Output a faithful copy of the entries, every picture removed.
**** PROVIDED RECORDS ****
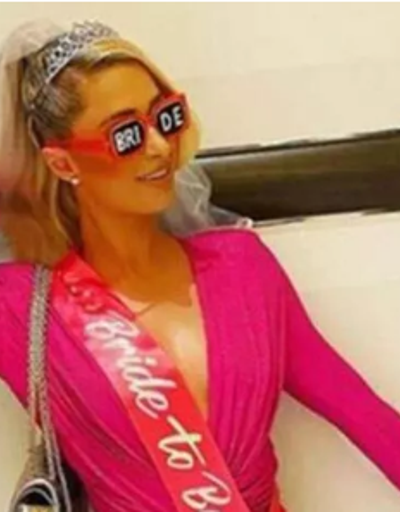 Paris Hiltondan bekarlığa veda partisi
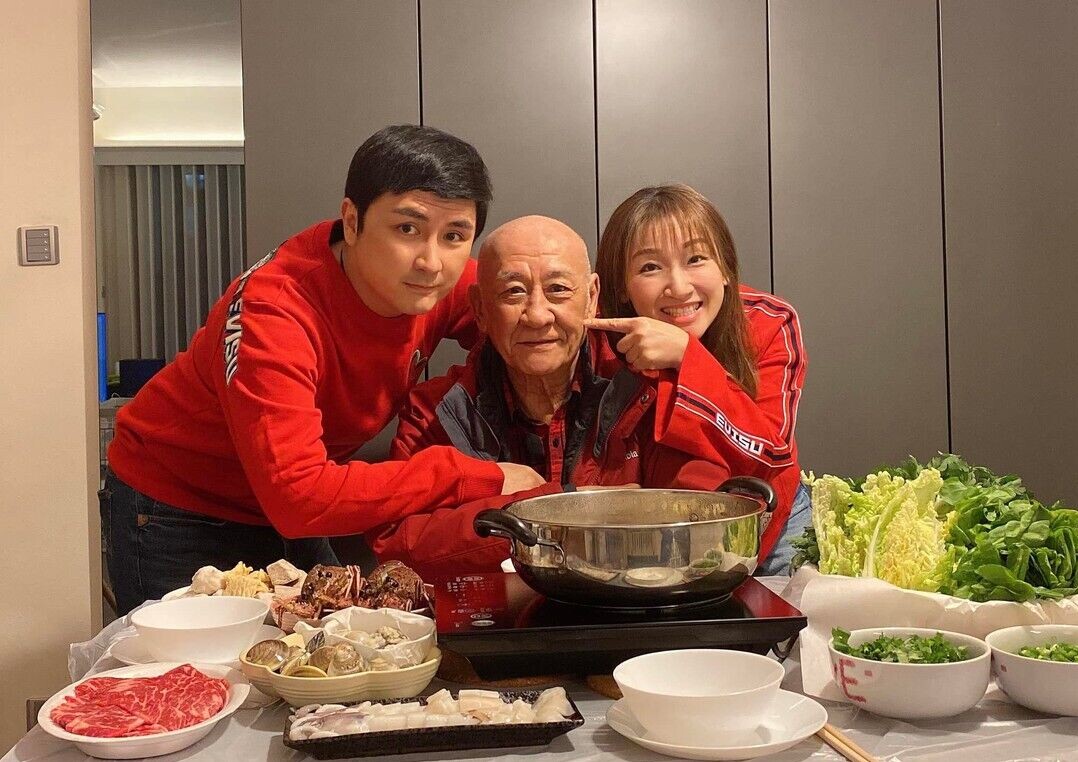李泳豪不時上載與李家鼎的父子照。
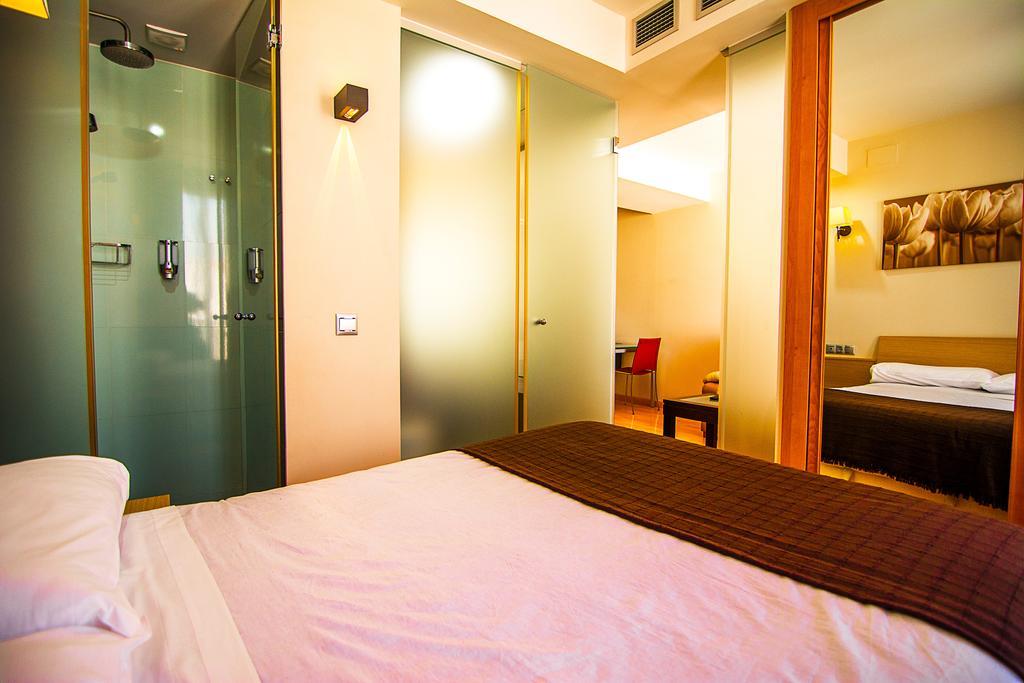 Dream Suites & Apartaments Алмерия Екстериор снимка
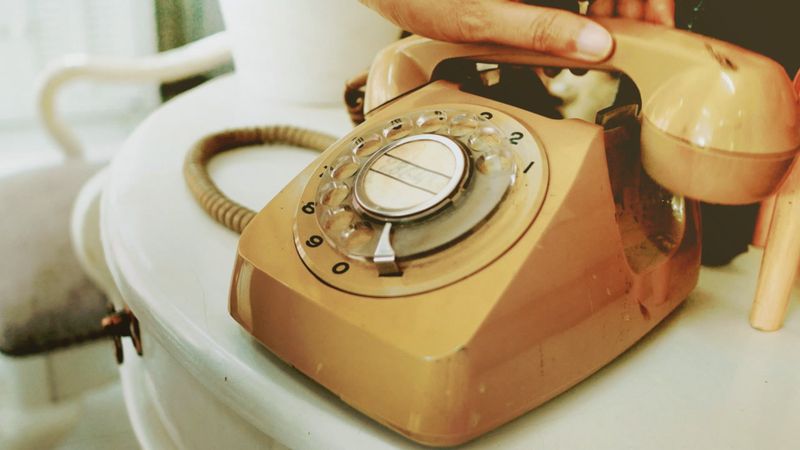 Using a Rotary Phone (And Sharing a Party Line!)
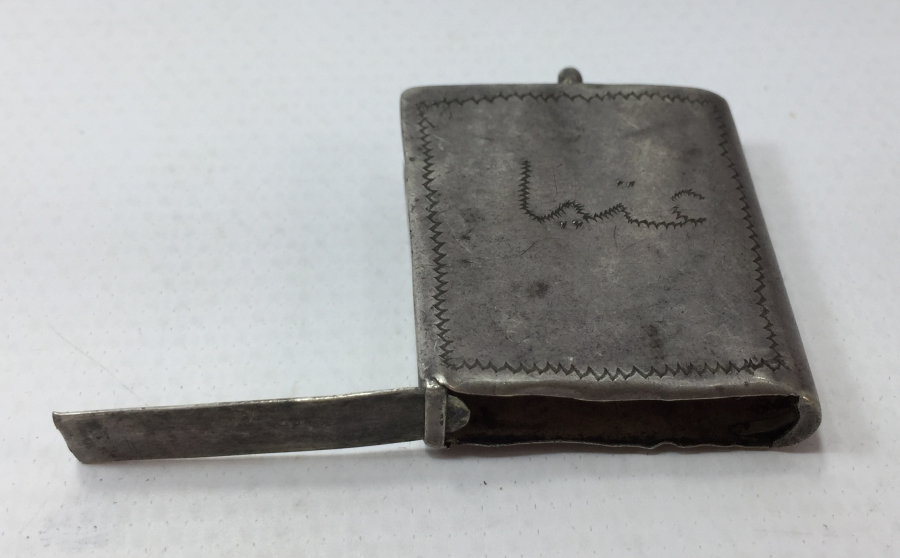 ÜZERİNDE SAHİBİNİN ADI YAZILI OLAN GÜMÜŞ ASKER HAMAYILI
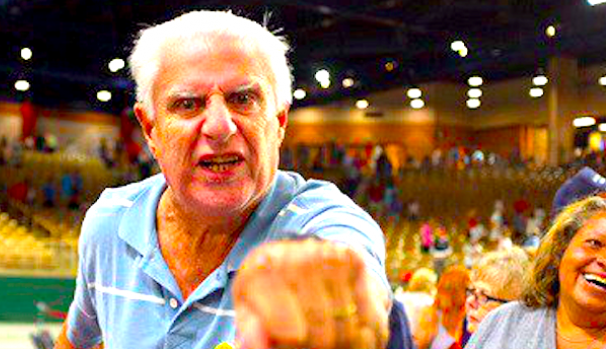 Press-hating-Trump-supporter-yells-at-journalists-at-Florida-rally-via-screencap-800x430.png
****
EXPECTED OUTPUT:
 Paris Hiltondan bekarlığa veda partisi
李泳豪不時上載與李家鼎的父子照。
 Dream Suites & Apartaments Алмерия Екстериор снимка
 Using a Rotary Phone (And Sharing a Party Line!)
 ÜZERİNDE SAHİBİNİN ADI YAZILI OLAN GÜMÜŞ ASKER HAMAYILI
 Press-hating-Trump-supporter-yells-at-journalists-at-Florida-rally-via-screencap-800x430.png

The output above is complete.